Below are the specifications of two systems I used to reproduce the issue:

os:           Ubuntu 20.04.6 LTS x86_6
cpu:          AMD Ryzen 9 5950X
gpu:          NVIDIA RTX A5000
cuda driver:  550.54.15
cuda version: 12.4
python:       3.8.10
torch:        2.3.0
triton:       2.3.0

os:           Ubuntu 22.04.4 LTS
cpu:          AMD EPYC 7742
gpu:          NVIDIA A100-SXM4-40GB
cuda driver:  535.161.08
cuda version: 12.2
python:       3.9.15
torch:        2.3.0
triton:       2.3.0

### Tasks

It seems making the data loaders persistant is not sufficient to prevent segmentation faults with more complex setups. I will keep trying to isolate the issue.

The slightly modified code below mimics a typical setup where two DataLoaders are used to cover a training dataset and a testing dataset.

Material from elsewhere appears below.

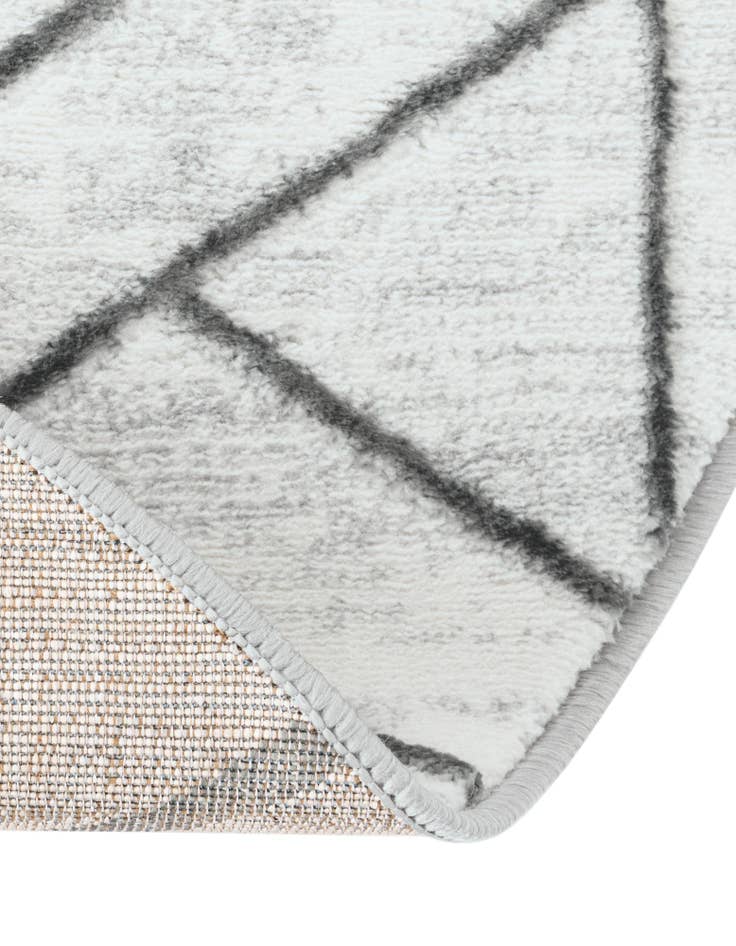 Detail image of 5' 3 x 8' Lattice Trellis Oval Rug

Even with enable_persistance=True, the code crashes when the testing DataLoader is reached.

class DatasetDummy(torch.utils.data.Dataset):
    def __init__(
        self,
        dataset_partition,
    ):
        super().__init__()
        self.dataset_dimensionality = 8192
        self.dataset_size = 128
        self.dataset_generator = torch.Generator()
        self.dataset_partition = dataset_partition

    def __getitem__(self, index):
        if self.dataset_partition:
            self.dataset_generator.manual_seed(index)
        else:
            self.dataset_generator.manual_seed(-1 - index)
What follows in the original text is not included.